Virginia sought words that she couldn’t find. Libuse’s softer voice spoke again. “We are not naïve enough to think there is no danger in this,” she said. “It might be a trick. But with your sight and the Ploughman’s strength, we can anticipate and defeat tricks.”
“Then hear what I’ve seen already,” Virginia said. “I saw the men enter the city, and destruction followed in their steps. Every step lit a flame that became ash and swallowed Pravik in darkness. You must not go with them. You must not consider this offer.”
Silence met her words. Then the Ploughman spoke again. His voice was heavy, but determined. “We have little choice,” he said. “We can take your vision as confirmation of what we already suspect—that the emperor’s motives are not entirely pure. But we must take advantage of his offer nonetheless. Virginia, our people are starving. My people. I gathered them here; they came to my banner because I promised them something better.

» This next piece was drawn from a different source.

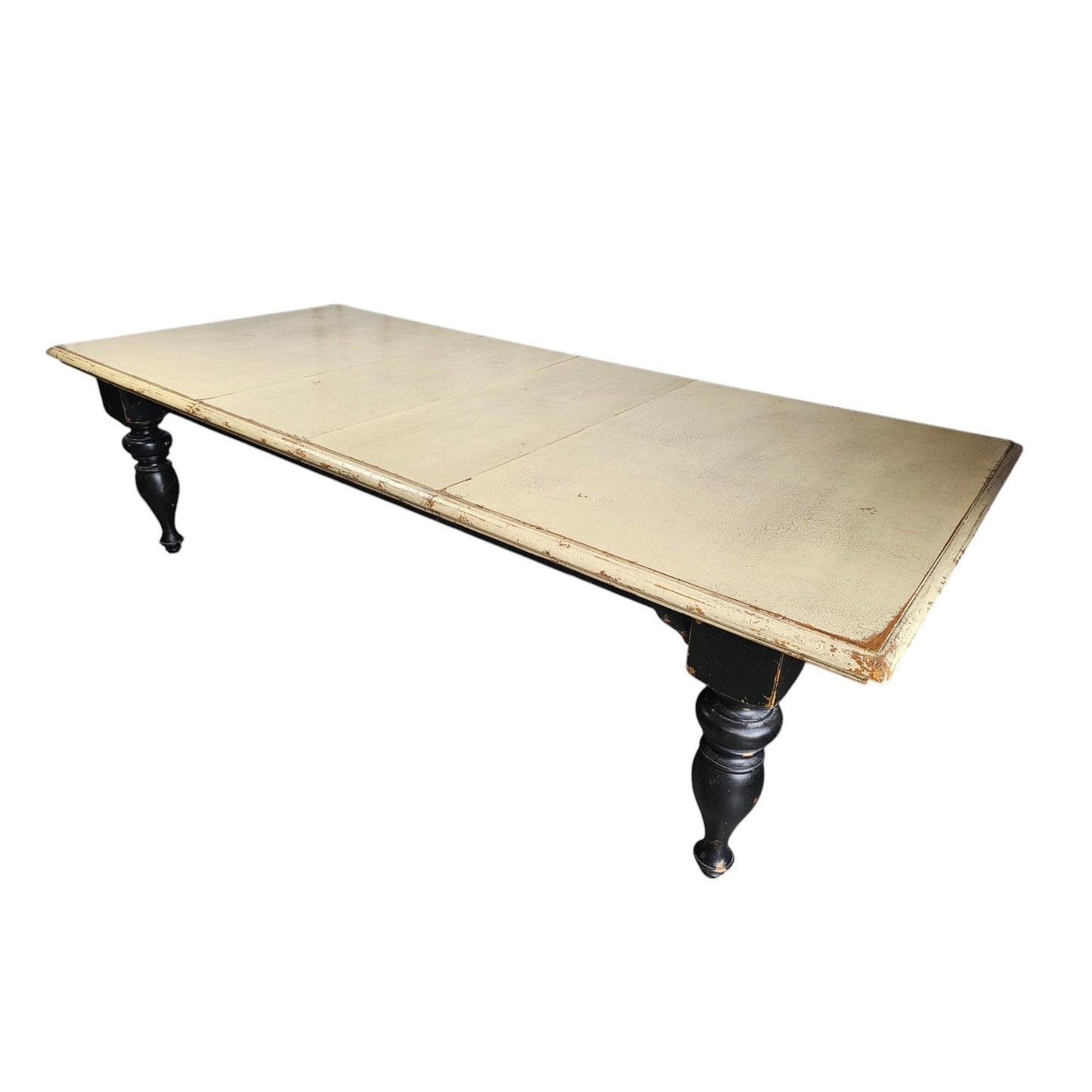 Habersham Plantation Corporation Casual Dining Harvest Dining Table with Two Leaves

And now it falls to me to provide for them.”
“But the King…”
“… is not here,” the Ploughman said. “If he still fights for us, maybe this is how he’s doing it. By opening a door for us in Athrom. Perhaps, face-to-face, we can persuade Lucien Morel of the justice of our cause.”
Virginia shook her head in frustration. Tears were pricking at her eyes, making her impatient with herself. “Persuade a man of justice who tried to wipe out the Gypsies at a blow? Persuade a man whose family has covenanted with the Blackness and supported the Order of the Spider in their sorcery for five hundred years? Persuade the sworn enemy of the King?”